であれば、「上の世代はもっと悠々自適な老後を過ごせていたのに…」と嘆くより、老後も働きつづけるという選択に向け、できるだけ早いうちから自分の強みを発揮するためのセカンドキャリアを着実に作っていくほうが建設的だ。
■元ソニー社員が起業のために考え抜いた4年間の全貌
では実際、どのように自分の強みを発揮できるセカンドキャリアを作ればいいのか。
そこであがってくるのが「起業」という選択肢だ。自分のやりたいことをビジネスにして、社会に寄与する。ビジネスマンの一つの到達点といえよう。 しかし、起業にはリスクがつきもの。成長し続け、儲け続けることのできる会社を作らなければいけない。
そこで参考になるのが、『事業に失敗しないための 起業家宣言』(こう書房刊)の著者である小室雄次さんのケースだ。
小室さんは、29年間勤めたソニーマーケティングを51歳で退職。小樽商科大学大学院アントレプレナーシップ専攻に入学し、2年間でMBA理論を習得し、53歳のときに起業。社内事業として立ち上げた太陽光発電事業「サンエコ北海道」の2016年度における累計売上高は20億円間近にまで成長を遂げている。
つまり彼は、起業という形で「儲かるセカンドキャリア」を実現させたわけである。
そして本書を読むと、この成功が、50歳までソニーにいたときの経験の蓄積と4年間という長い準備期間に裏打ちされていることが分かる。(「シニア起業家の開業準備期間は平均6.1ヶ月」(※)というデータがあり、それと比較しても長い時間を準備したことがわかるだろう)
■53歳でのMBA理論習得がもたらした効果
では、小室さんはその4年間をどのように過ごしたのか。
本書によれば、最初の1年で独立を考えはじめ、次の2年間でMBAを学び、最後の1年でじっくりと時間をかけてビジネスプランを練り上げていったという。

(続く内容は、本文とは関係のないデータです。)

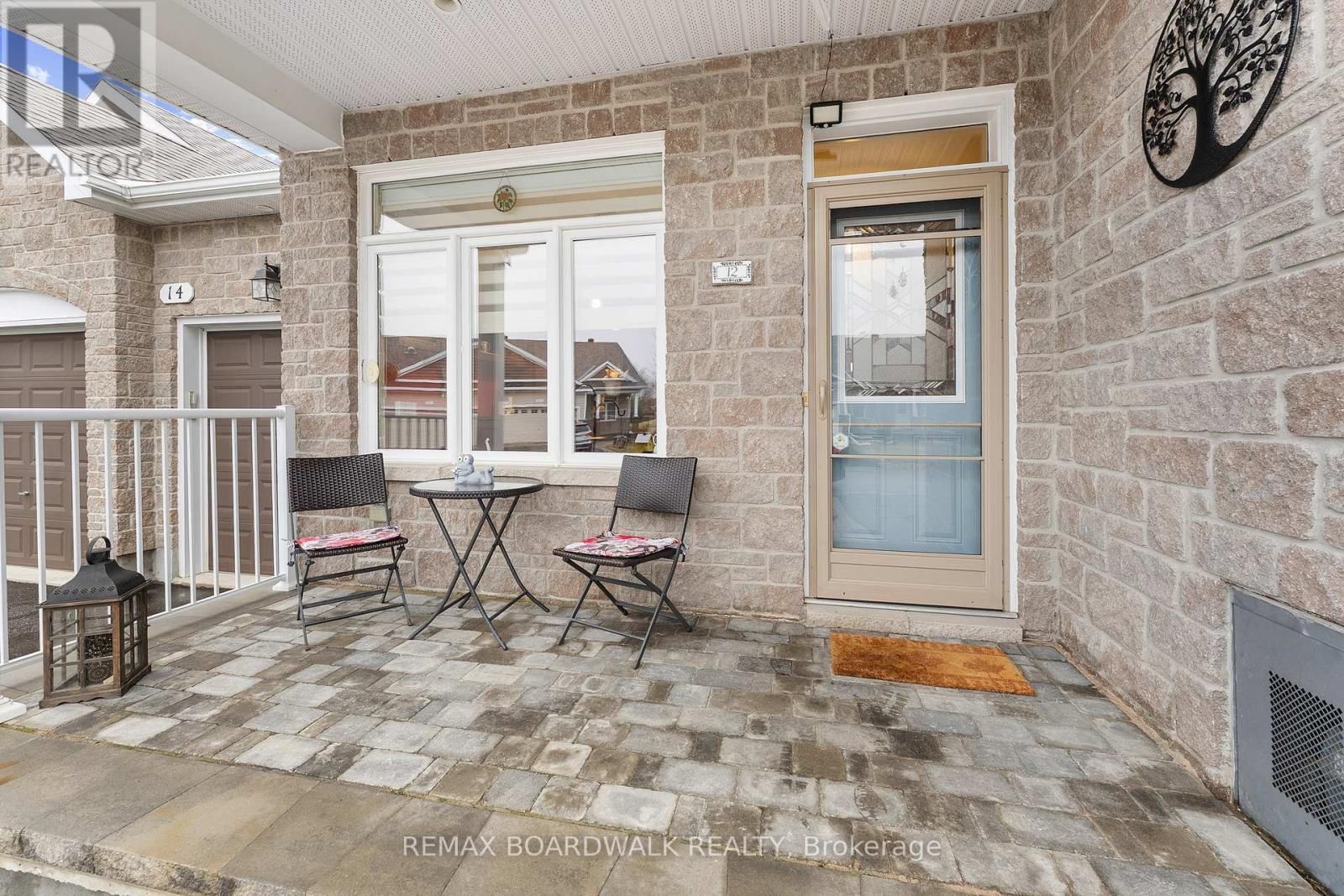 12 ROYALTY WAY Image 2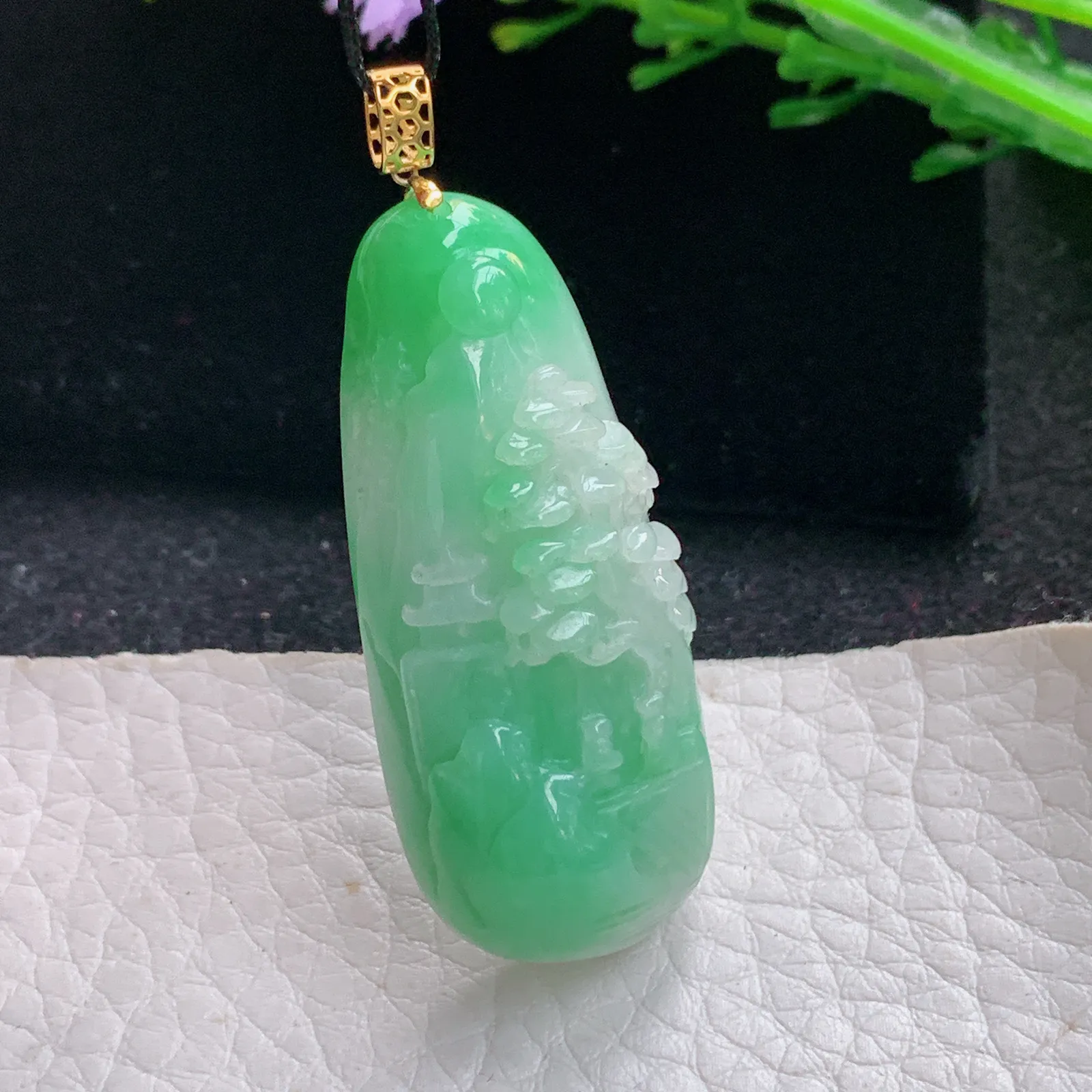 ws实拍43*18.8*11.3缅甸翡翠精雕清新飘绿山水 富甲天下玉吊坠 玉挂件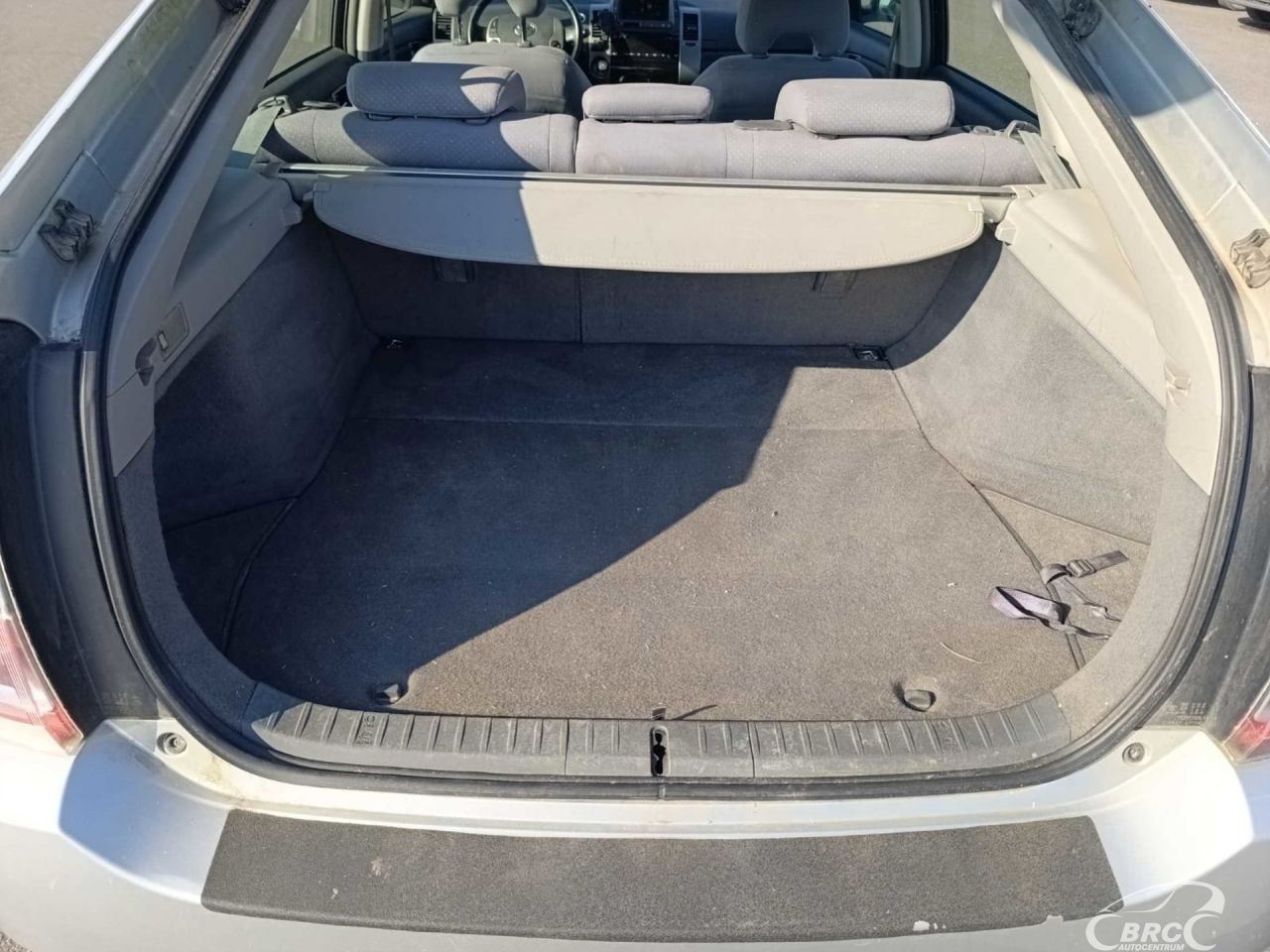 Toyota Prius | 10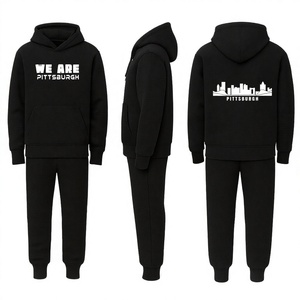 ชุดเสื้อผ้าแฟนฟุตบอลโลกประจำวันแข่งขันปี 2026 ชุดเสื้อฮู้ดสีดำสำหรับผู้ชาย ชุดวอร์มพร้อมโลโก้แบบกำหนดเอง เสื้อสเวตเชิ้ตแบบสวมหัว We Are Pittsburgh และกางเกงจ็อกเกอร์ - Product Image 1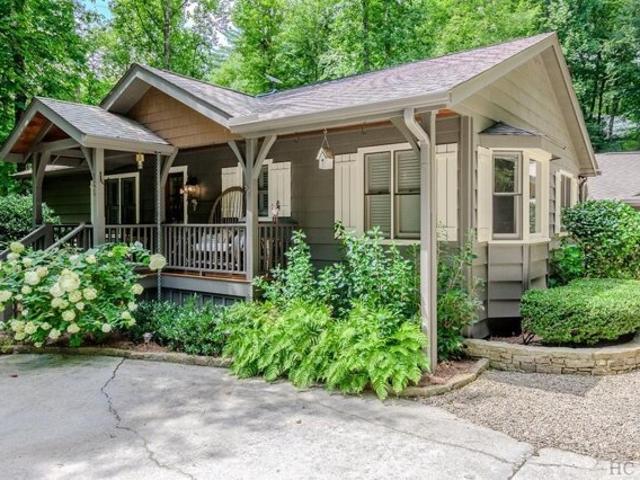 House for sale in Sapphire
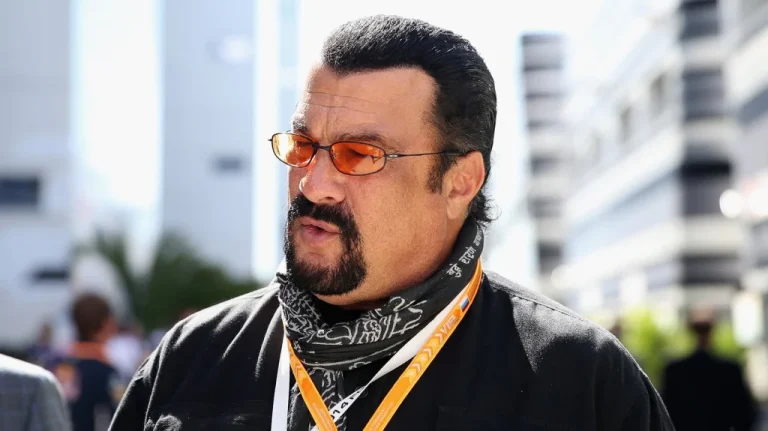 Les Pires Moments de Steven Seagal : Un Héros Déchu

ここで注目したいのは、MBAの取得前後で、彼のなかにどのような「変化」や「手ごたえ」が生まれていったかという点だ。
小室さんいわく、創業のビジネスアイデアを選定するにあたって決定的に重要なのは、「自己実現の目的を明らかにする」「自分の強みを活かす」「市場が求めているものを探し出す」という3つのプロセス。
そして彼の場合、特に最初の二点において、MBAを学んだことが功を奏した。
まず、「自己実現の目的を明らかにする」についてだが、MBAで学ぶ経営理論とソニーでの経験を融合させていくうち、小室さんのなかで、「地元である北海道の経済に貢献したい」という起業の目的がクリアになっていった。
実地経験と理論との両方を兼ね備えたスキルを活用することで、次世代の営業マンを育てたり、地元企業の活性化サポートができることに気づいていったわけだ。
また、もうひとつ大きかったのは、「自分の強みを活かす」についても、MBAでの学びが機能したこと。